# R&R Products Dragbrush (5ft)



## Ware (Jan 28, 2017)

I ordered this 5ft dragbrush from R&R Products ahead of my leveling project this weekend, and I am very pleased with its performance. It is marketed for brushing top dressings, dew and worm cast removal, grass grooming and ground clearance.

I was looking for something a little less aggressive than my drag mat. The mat does a great job at smoothing the sand and working it down into the canopy, but my experience has been that it traumatizes the turf a bit. Another problem I was having with the drag mat was its tendency to actually pull sand out of my irrigation trenches that haven't grown over when I crossed them on a perpendicular path. It's tough to explain, but the steel mesh would sag a little down into the trench and scrape out some sand with each pass.

The broom head is nice and heavy - much heavier than a shop broom, so it doesn't just float on top of the sand. The handle angle is adjustable, so you can set it to where the broom has good contact with the ground at whatever height you're comfortable pulling it from.

I went pretty heavy with the sand this time around, so I still used the drag mat, but I finished everything with this broom. It gave everything a nice smooth finish, and was easier to work into corners than the drag mat. I plan to continue using the broom to touch things up until the grass fills back in completely (footprints, erosion from rain, etc.).

They are available in 4ft, 5ft, and 6ft widths.


----------



## dfw_pilot (Jan 28, 2017)

Looks boss, Ware!
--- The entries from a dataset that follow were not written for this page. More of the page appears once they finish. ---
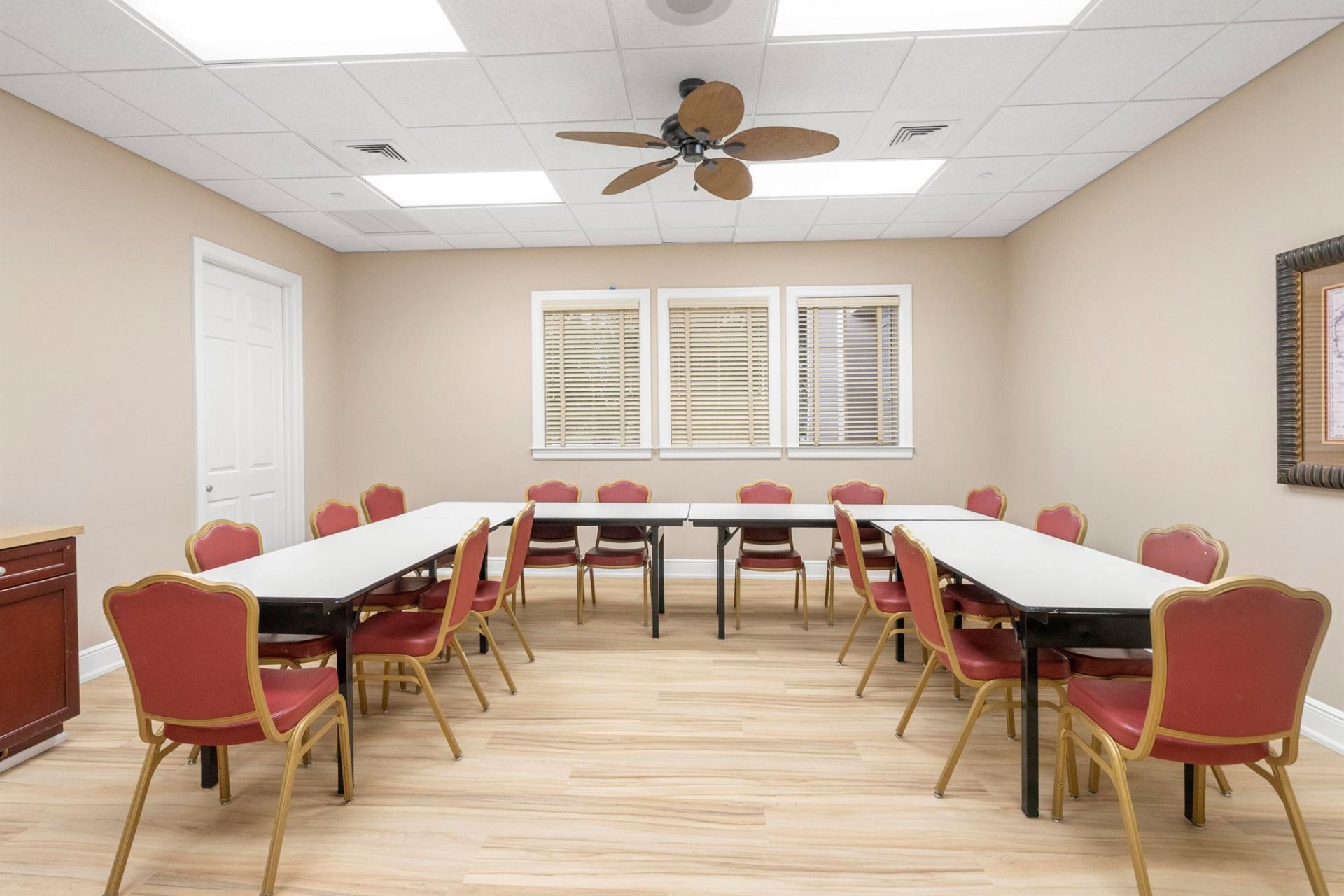 7041 Maidstone Drive, Port Saint Lucie, FL 34986 Photo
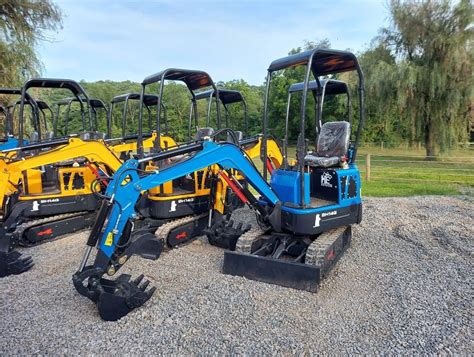 mini excavator texas|groundhog mini excavators for sale.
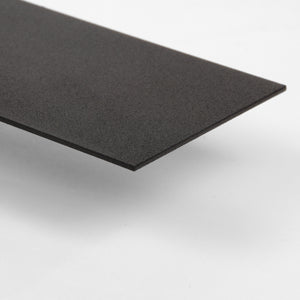 Aplică Navi Long din metal, negru, 2 becuri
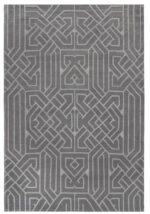 Dywan Mystic Taupe
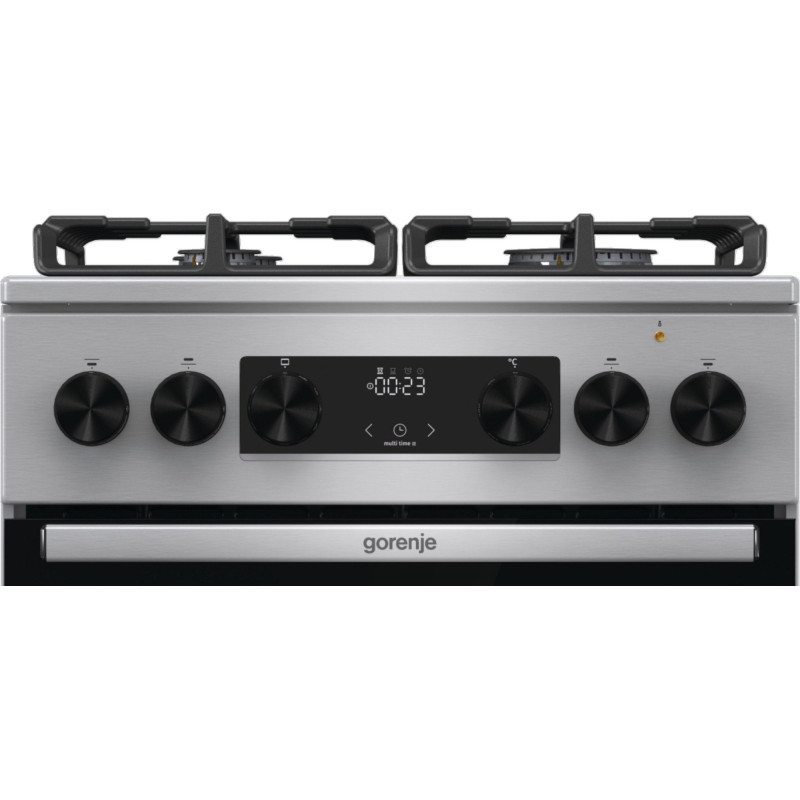 Плита Gorenje GK5C65XV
So, you pull it, or do you push it like a shop broom, or both?


----------



## Ware (Jan 28, 2017)

Pull (drag).


----------



## Redtenchu (Jan 28, 2017)

That's awesome, had no idea they came so big...


----------



## atc4usmc (Apr 1, 2017)

Insert funny "she said" joke here RED!

:lol:


----------



## GrassDaddy (Mar 21, 2017)

lol

a lawn guy on Instagram stripes with a broom like that lol


----------